Added quadratic data

9d701ff4 · Jörg Martin · cfc67cc6 · 9d701ff4 · 9d701ff4 · 9d701ff4
Commit 9d701ff4 authored 3 years ago by Jörg Martin
--- a/EIVPackage/EIVData/quadratic.py
+++ b/EIVPackage/EIVData/quadratic.py
+import torch
+import sys
+from torch.utils.data import TensorDataset, random_split
+total_number_of_datapoints = 2000
+input_range = [-1,1]
+slope = 1.0
+intercept = 0.0
+x_noise_strength = 0.05
+y_noise_strength = 0.1
+def get_normalization(*args):
+    """
+    Returns the mean and standard deviations (in tuples) of the tensors in *args.
+    """
+    normalization_collection = []
+    for t in args:
+        t_mean = torch.mean(t, dim=0, keepdim=True)
+        t_std = torch.std(t, dim=0, keepdim=True)
+        normalization_collection.append((t_mean, t_std))
+    return tuple(normalization_collection)
+def load_data(seed=0, splitting_part=0.8, normalize=True,
+        return_ground_truth=False):
+    """
+    Loads one-dimensional data
+    :param seed: Seed for drawing and splitting the data.
+    :param splitting_part: Which fraction of the data to use as training
+    data.

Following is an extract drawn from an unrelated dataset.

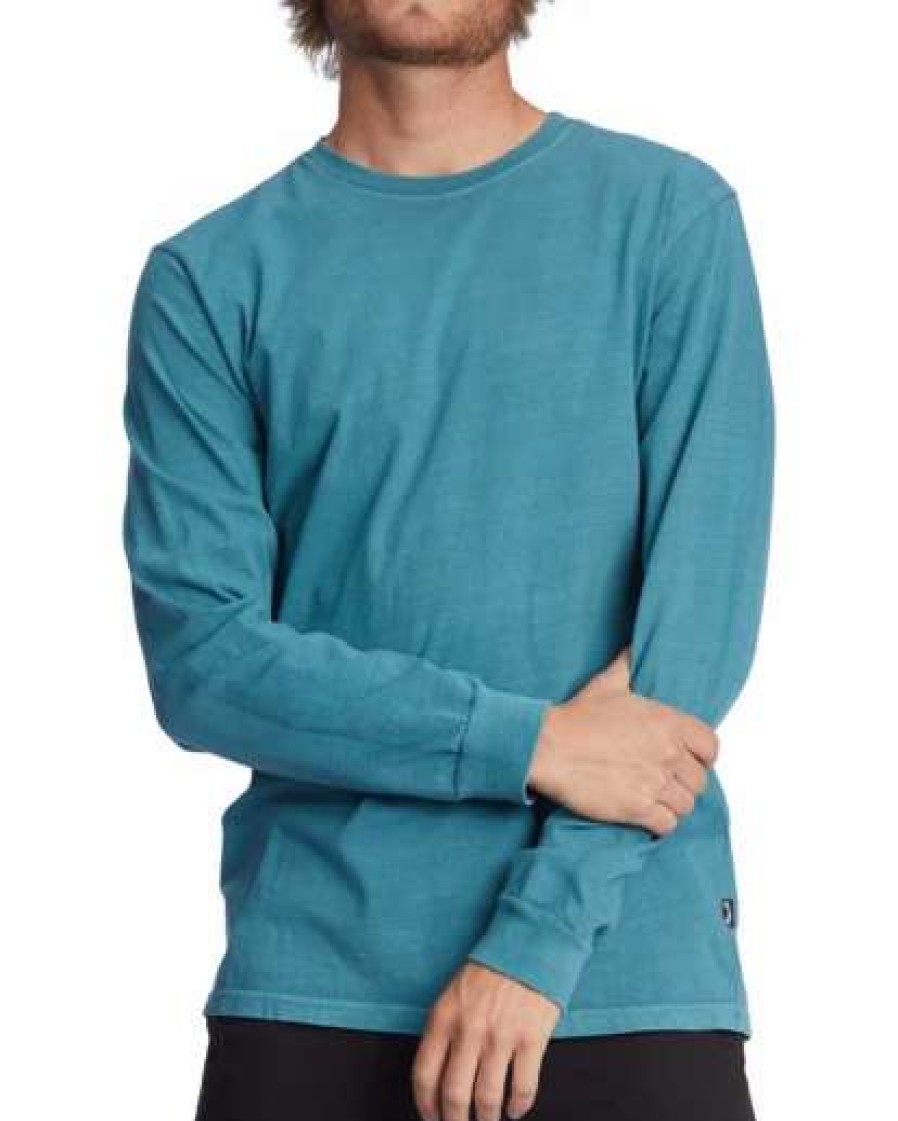 Tees * | Billabong Essential Wave Washed Long Sleeve T-Shirt Coastal Blue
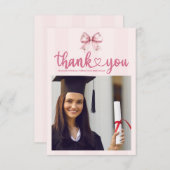 Roze Foto Blush Bow Afstudeerfeest Bedankkaart (Voorkant / Achterkant)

Defaults to 0.8.
+    :param normalize: Whether to normalize the data, defaults to True.
+    :param return_ground_truth: Boolean. If True, the unnoisy ground truth will
+    also be returned. Defaults to False.
+    :returns: linear_trainset, linear_testset if return_ground_truth is False,
+    else linear_trainset, linear_testset, (true_x, true_y)
+    """
+    random_generator = torch.Generator().manual_seed(seed)
+    # draw different seeds for noise and splitting
+    seeds = torch.randint(0,sys.maxsize,(4,), generator=random_generator)
+    # create new generators from tensor seeds
+    create_generator = lambda tensor_seed:\
+            torch.Generator().manual_seed(tensor_seed.item())
+    true_x = input_range[0] + (input_range[1]-input_range[0])\
+                  * torch.rand((total_number_of_datapoints,1),
+                          generator=create_generator(seeds[0]))
+    true_y = slope * true_x**2 + intercept 
+    noisy_x = true_x + x_noise_strength * \
+            torch.randn((total_number_of_datapoints,1),
+            generator=create_generator(seeds[1]))
+    noisy_y = true_y + y_noise_strength * \
+            torch.randn((total_number_of_datapoints,1),
+            generator=create_generator(seeds[2]))
+    if normalize:
+        normalization_x, normalization_y = get_normalization(noisy_x, noisy_y)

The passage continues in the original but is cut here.